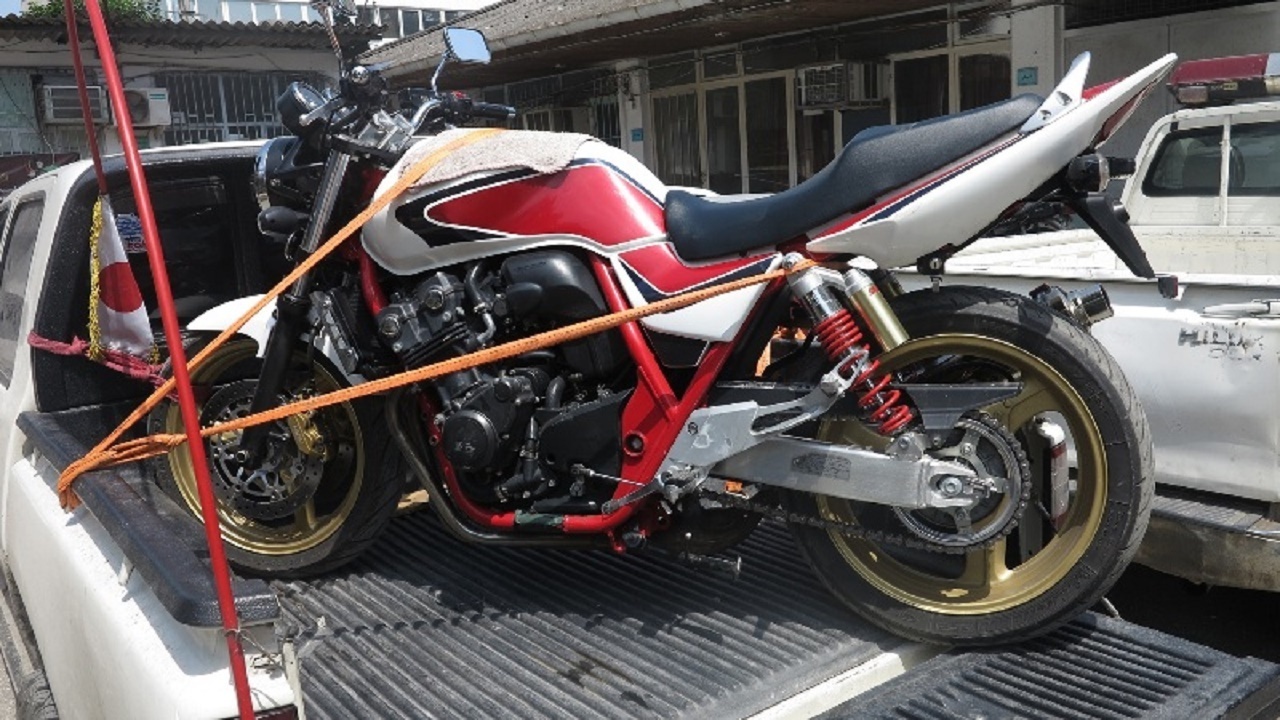 کشف موتورسیکلت ۴۰۰ سیسی قاچاق در چالوس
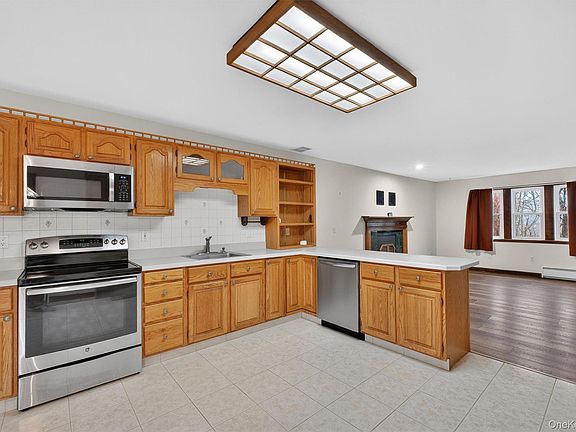 4th image of 11 Dill Hill Road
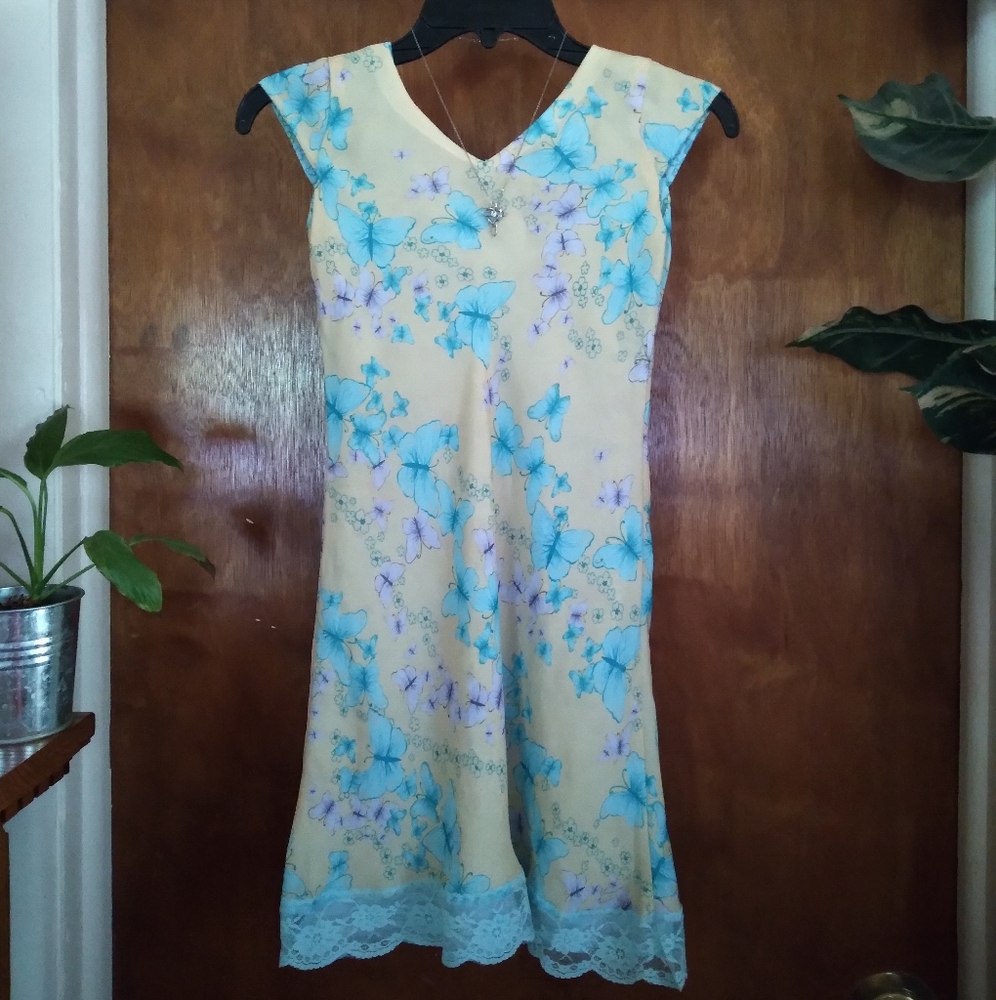 Was💲6! 🎉5/$20🦋Girls Reversable Spring/Summer Dress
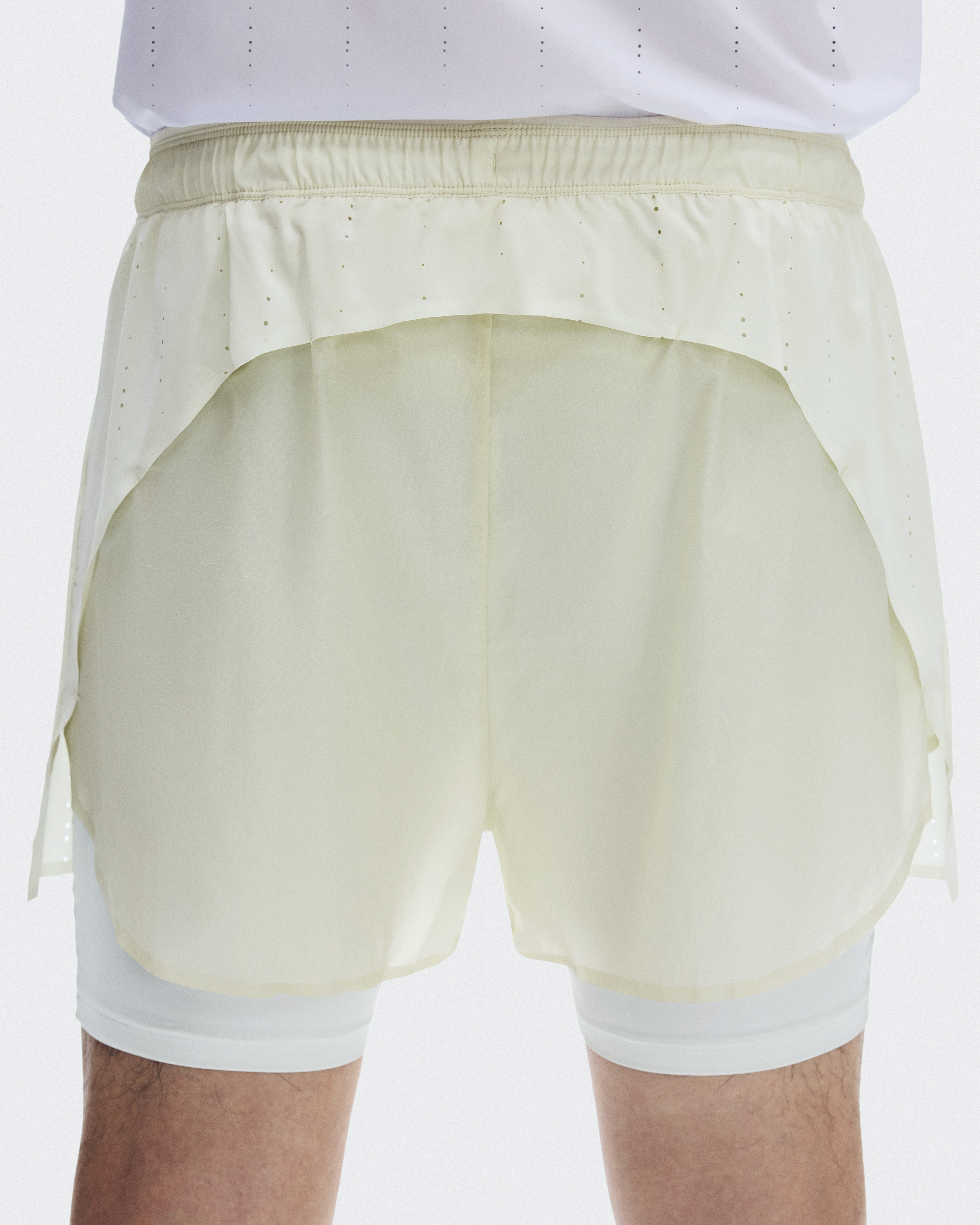 メンズ Zero 2-in-1 Shorts PAF | ベージュ & ホワイト | On 日本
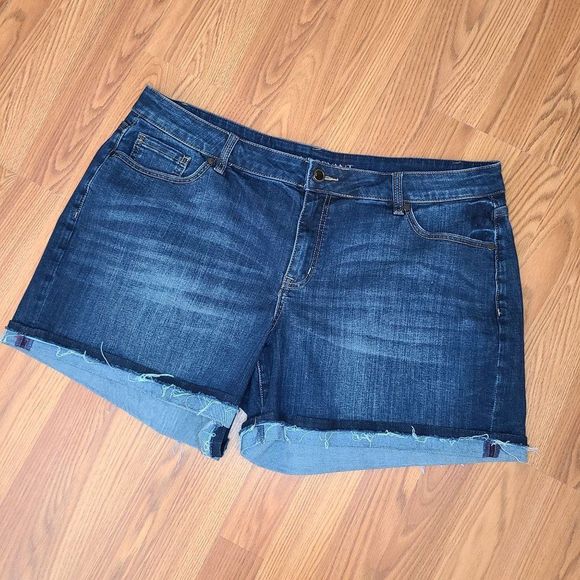 Lane Bryant Pants - Girlfriend Frayed Stretch Jean Shorts, Sz 20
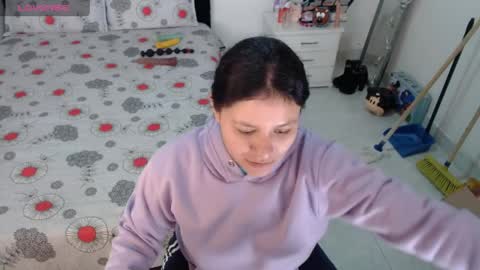 Snapshot of soniafuckboobs chatting on April 1, 2026, 1:41 pm soniafuckboobs online show from April 1, 2026, 1:41 pm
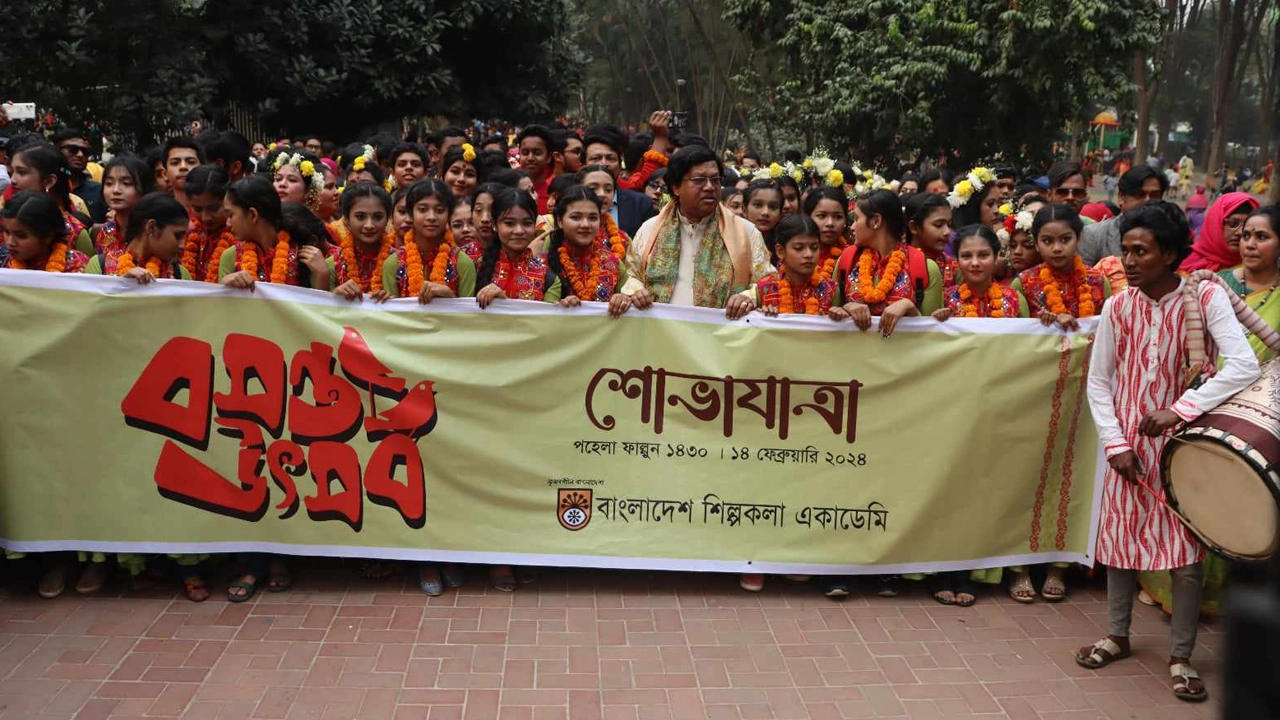 বসন্ত বরণে বর্ণাঢ্য শোভাযাত্রা করেছে বাংলাদেশ শিল্পকলা একাডেমি। ছবি : কালবেলা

*WHAT THE TASK ASKS*
Each record above goes into the copy unchanged; the pictures do not.

*TASK RESULT*
 کشف موتورسیکلت ۴۰۰ سیسی قاچاق در چالوس
 4th image of 11 Dill Hill Road
 Was💲6! 🎉5/$20🦋Girls Reversable Spring/Summer Dress
 メンズ Zero 2-in-1 Shorts PAF | ベージュ & ホワイト | On 日本
 Lane Bryant Pants - Girlfriend Frayed Stretch Jean Shorts, Sz 20
 Snapshot of soniafuckboobs chatting on April 1, 2026, 1:41 pm soniafuckboobs online show from April 1, 2026, 1:41 pm
 বসন্ত বরণে বর্ণাঢ্য শোভাযাত্রা করেছে বাংলাদেশ শিল্পকলা একাডেমি। ছবি : কালবেলা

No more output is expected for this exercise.